Face aux nouveaux défis de la mondialisation, aux revendications communautaires, face à la crise sociale et identitaire qui secoue la France, face à l’ébranlement de pans entiers de l’exemple français – le social, l’éducation, la santé publique, l’autorité de l’Etat – l’identité de notre nation mérite une réflexion approfondie. Une part relève de l’héritage des siècles, de son histoire et de son patrimoine. Mais l’autre se cristallise dans le rapport à l’altérité, au cœur des villes et de leurs grands ensembles périphériques, où les difficultés de cohabitation et l’effacement croissant des repères traditionnels conditionnent la perception que de nombreux Français peuvent avoir de leurs compatriotes en provenance d’une autre culture. La France, pays qui a connu, bien avant la plupart de ses voisins européens, une immigration massive, est aujourd’hui engluée dans la remise en question d’un modèle qui jusqu’ici faisait sa fierté et son ciment, et qui reste conditionné à un présent noué par les tensions qui perturbent le désir de vivre ensemble. Je suis convaincu que la gauche a manqué de courage politique et de clairvoyance en laissant la droite et l’extrême droite s’accaparer et dévoyer la question identitaire, par peur que la boîte de Pandore ne s’ouvre une nouvelle fois sur de vieux démons toujours prêts à renaître : le racisme, la xénophobie, le nationalisme, le colonialisme.
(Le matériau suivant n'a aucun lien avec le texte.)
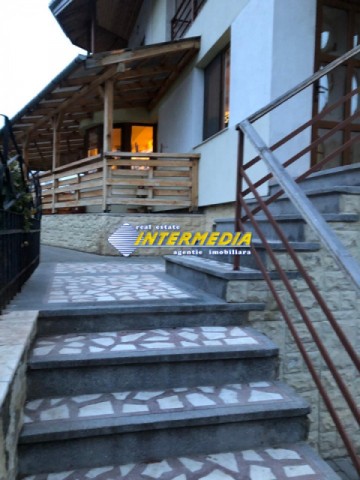 casa-de-vanzare-dpm-cu-450-mp-teren-finisata-si-utilata-complet-in-alba-iulia-zona-centru-12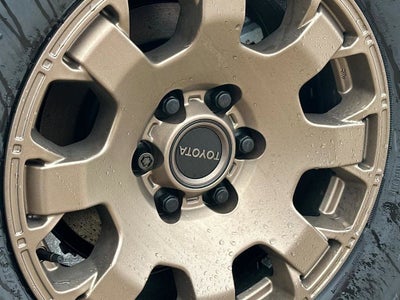 2026 Toyota Tacoma i-FORCE MAX Tacoma Trailhunter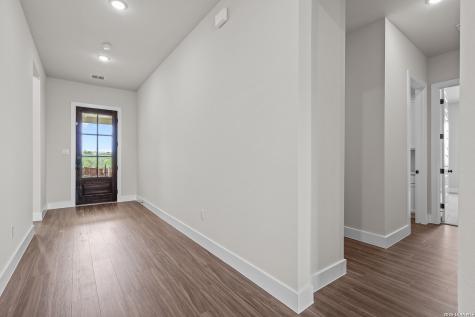 4516 Yoakum Valley Schertz TX 78108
Pourtant, aujourd’hui, nous ne pouvons continuer de nous voiler la face : point d’identité française sans référence au national et au sentiment national. Je suis persuadé que les questions de l’identité française et de la nation seront l’un des thèmes principaux de la campagne de 2017 et en tant qu’élus de gauche, il est de notre devoir de nous en emparer.